When I met Dave he had a beard. It wasn’t the greatest beard of all time but we were all hippies back then and beards were just part of the package. He did have one of the finest heads of hair I’d ever seen. Long and glossy and spectacular. I believe the beard had less to do with fashion than a sincere desire to not get up every morning and scrape his face. I couldn’t argue with that. But after a while, when I knew I was worth something to him, I did let on that it would be fun to see it trimmed up a bit.

He looks better with a trimmed beard. Most men do.

So we’re going on 43 years now with me mentioning about twice a year that a little snip around the edges might be nice. One of the best things about him keeping his beard short is that it doesn’t hide his neck, which is long and glossy and spectacular. He’s not moved by this argument.

I’ve seen his face two or three times, when he had to shave his beard for work. I’ve still never seen his upper lip. He’s got a dimple in his chin. What the hell. Mostly he used it to store facial hair, I guess, so it was a surprise to me. He always grew the beard out immediately and there’d be about a week or two when it was all sexy and short and then we’re back in beardville again.

This is what comes of being a couple union blue-collar workers. We save oodles on wardrobe but some of us get scraggly in the beard region and some of us don’t wear makeup or even, really, make an effort. Actually, all of that applies to both of us now.

In the last few years Dave went through another sexy phase wherein the top of his beard was dark and the bottom gray. That was a really nice year. Then it went straight to white and somewhere along the line that whole routine of trimming it up every six months whether it needed it or not went by the wayside. I offered to take a scissors to it myself, but somehow something else always came up, and then one day I realized we now have a situation. That situation being my husband has crossed over into Homeless Dude territory.

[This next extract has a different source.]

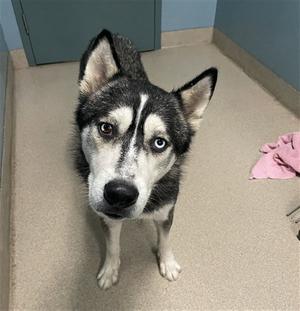 A close-up of a husky dog with striking blue eyes, standing on a beige carpeted floor. The dog has a black and white fur pattern with a distinctive facial marking. In the background, there is a pink cloth and a blue wall.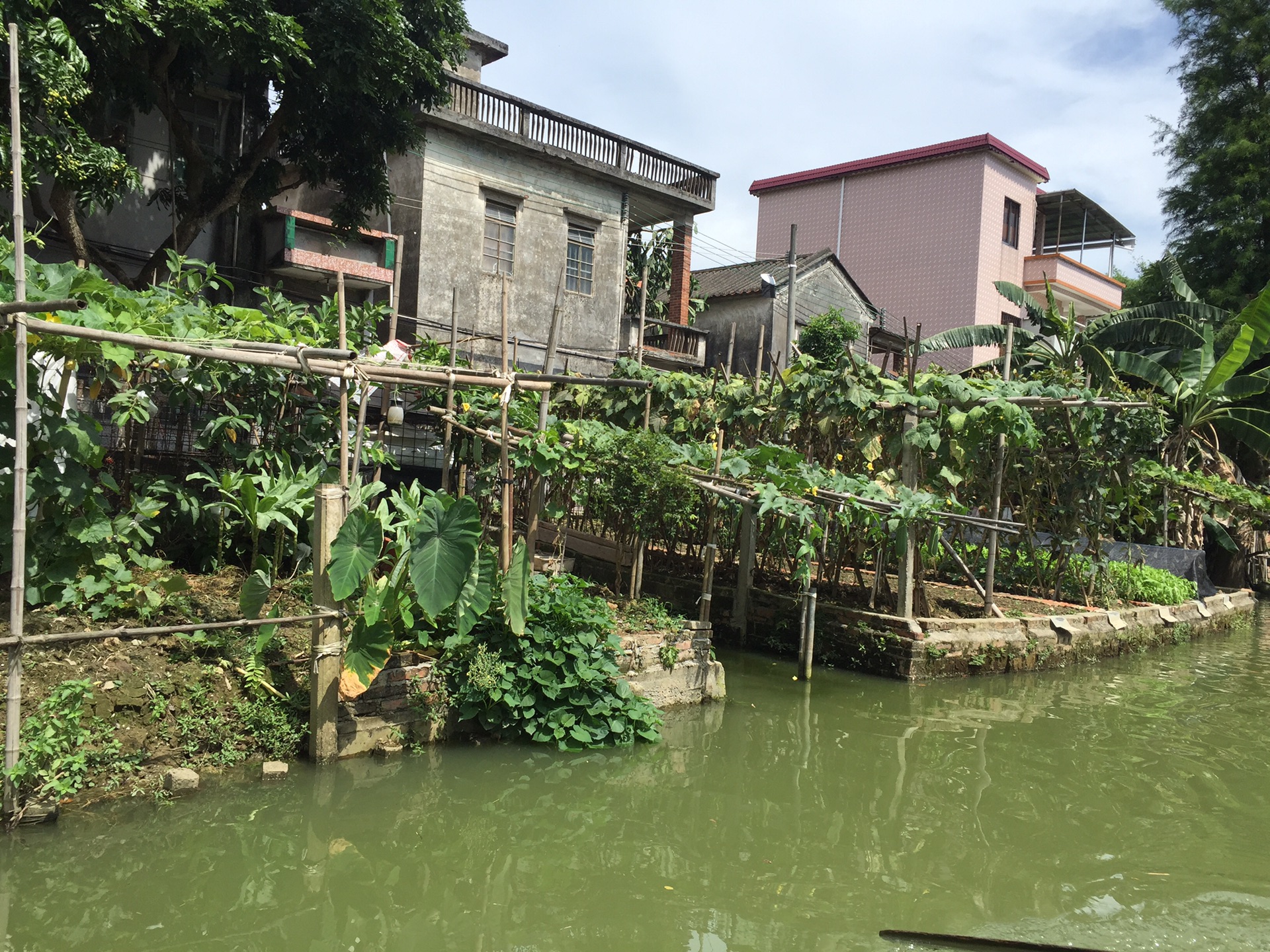 大稳村(广州南沙自驾游)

Note long glossy spectacular neck

But that also means, for the first time in his life, he’s right spang in fashion. This is Portland. Portland men get their strength (which they are not allowed to show) from letting their beards grow. They don’t shape them. They don’t trim them. They want to see what they can produce, and they can never be sure until they’ve pushed out as much secondary sexual characteristic as their little hormones can manage.

Every now and then you see a splendid beard that is a marvel of architecture but the vast majority run somewhere between curious and repellent. Maybe they’re so sparse the beard looks more like a vapor. Or a bad hedge. Or, frankly, pubic. There’s an entire traveling ecosystem happening on the streets here. Nobody knows what’s in those beards. Could be pizza. Could be Legos. Could be gerbils. And in that illustrious company, suddenly, Dave is looking kind of cool again. His beard is developing some internal shape, is not pubic, gets some wave action going, and is an appealing white rather than gray. Even I’m kind of interested in what else will happen. Right now it looks like his face is wearing a sweater. Down the line, he might develop a cable knit. He’s a creative guy.

And I’ve just noticed, because beards are such a Thing now, that when we walk down the street, he sometimes gets a little personal nod from another bearded man. A little “Nice one, dude.” An acknowledgment. A signal from the fraternity.

I don’t want to take that away from him. I do miss his neck but Marge and Studley might need nesting material. And besides, the homeless dudes don’t ask Dave for money anymore.